2. The second step in BeiDou communication compression – lossless compression

Compared to lossy compression, lossless compression occupies more space and has a lower compression ratio, but it preserves 100% of the original information without any signal loss and is unaffected by the signal source [9]. General industrial process data have clear physical meanings. Taking the natural gas valve station data provided by an energy company in the project as an example, it includes analog quantities such as temperature, flow rate, pressure, and resistance, as well as status quantities such as valve start/stop and alarm.

This article takes the most common flow/pressure/resistance data in process data as examples to introduce the BeiDou lossless compression algorithm.

2.1 Data Preprocessing

Assume the real number data to be compressed has a precision of two decimal places and a data size of 0.00~999999.00. It is stored in a floatfRevBuf[500] type array. If each element of this array is multiplied by 100, its decimal part is converted into an integer. Then, a type cast is used to obtain a 4B unsigned integer array iPlc[500]. The data ranges that different types of integers can represent are shown in the first three rows of Table 1. Based on the way integers are stored in computers[10], the following four cases can be deduced.

2.2 Lossless Compression Algorithm for BeiDou Short Message Communication

Process data is generally collected in chronological order and contains temporal characteristics; most industrial field data is process data [11]. Therefore, the data are numerically related, so allocating storage space based on the difference between adjacent array elements, rather than the element values ​​themselves, is more reasonable. The specific steps are as follows:

(1) Create a new array intiSub[500] to store the difference between adjacent elements in array iPlc, i.e.: iSub[i+1] = iPlc[i] - iPlc[i+1]; and assign the first element of array iPlc to the first element of array iSub.
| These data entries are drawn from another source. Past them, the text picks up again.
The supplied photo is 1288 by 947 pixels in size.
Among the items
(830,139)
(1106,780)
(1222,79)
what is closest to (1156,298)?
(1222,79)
(2) Based on the value of each element in the difference array iSub, refer to Table 1 and assign a byte length marker of 1 to 4 to each element, and record it in another array iLethByte. For example, in Table 2, the difference element is 100, and the element with the same index in the iLethByte array is 1.
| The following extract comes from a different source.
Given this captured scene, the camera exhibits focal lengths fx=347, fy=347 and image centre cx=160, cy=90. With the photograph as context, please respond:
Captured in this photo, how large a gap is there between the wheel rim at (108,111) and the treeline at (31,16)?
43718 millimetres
(3) Each element in the iLethByte array records the minimum byte length of the storage space required for each element of the difference array iSub at the same index position. In order to decompress at the Beidou receiver, in addition to transmitting the iSub array, the length marker array iLethByte also needs to be transmitted, but this requires transmitting too much data. According to Table 1, based on the different numerical ranges that can be represented by different byte lengths, there are 7 types. However, in reality, it is not necessary to divide them into 7 types every time, because the numerical value of the process data has a certain continuity and is not evenly distributed. Therefore, each time compression is performed, 4 types (the selection principle will be supplemented later) are selected as the standard types for this transmission according to the distribution law of the process data itself. The data contained in the other types will eventually be classified into these 4 standard types, and then two binary codes are used to represent the 4 standard types selected this time. For example, the byte lengths of the 4 standard types this time are 1, 2, 2.5, and 3, then their binary codes can be: 00011011. Then, each element is compressed according to the byte length of its standard type, resulting in data of varying storage lengths. These four transformed iSub array elements are then grouped together, with a record byte `bt4Record` added before each group. `bt4Record` is 8 bits, and each two bits represent the code of the standard type for an iSub element. The iSub element appears in the high-order bits of the corresponding `bt4Record` before the iSub element and in the low-order bits of the corresponding `bt4Record` after the iSub element, as shown in Table 2. Therefore, the binary representation of the `bt4Record` bytes preceding these four iSub elements in Table 2 is: 01100011.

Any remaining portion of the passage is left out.